#### Data excerpt
----
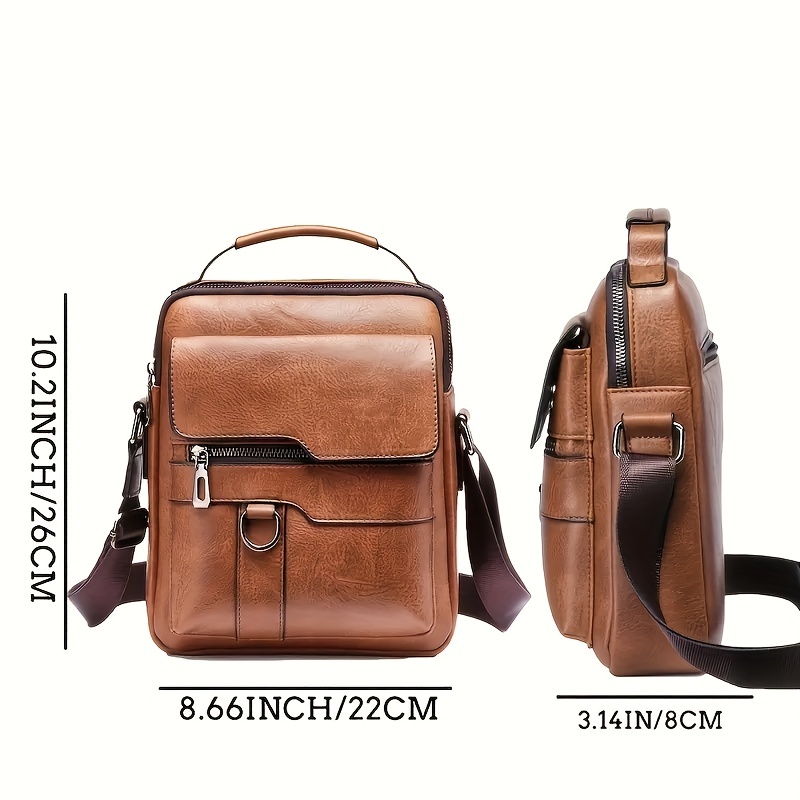 Men's Fashion Print Shoulder Bag, Business Crossbody Bag - Temu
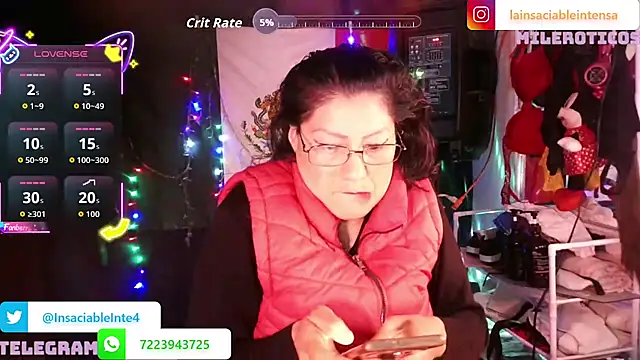 LaInsaciableIntensa online show from June 2026 03:25:01 AM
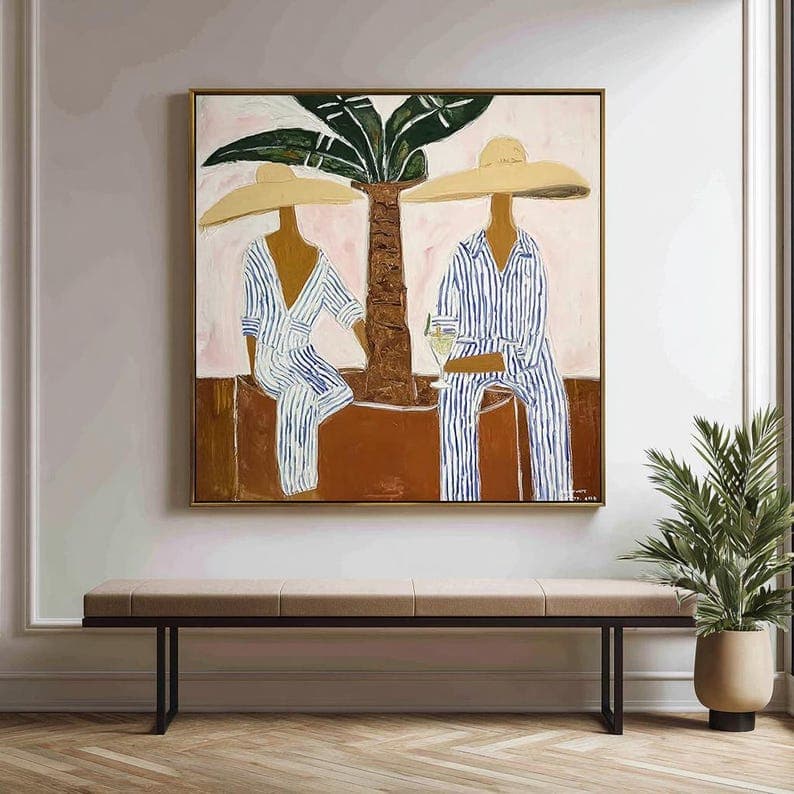 Large Wall Art No. 04 hand-painted wall artwork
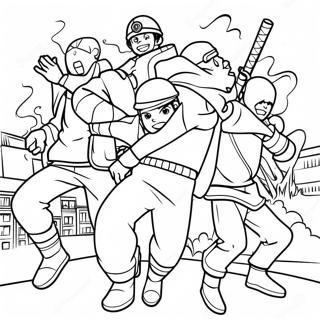 Tulivoiman Sankarit Toiminnassa Värityssivu 53854-42620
----
#### What to do
Pictures are not part of the copy; reproduce exactly and only the lines from the line containing "Large Wall Art" through the end of the listing.

#### Exercise response
 Large Wall Art No. 04 hand-painted wall artwork
 Tulivoiman Sankarit Toiminnassa Värityssivu 53854-42620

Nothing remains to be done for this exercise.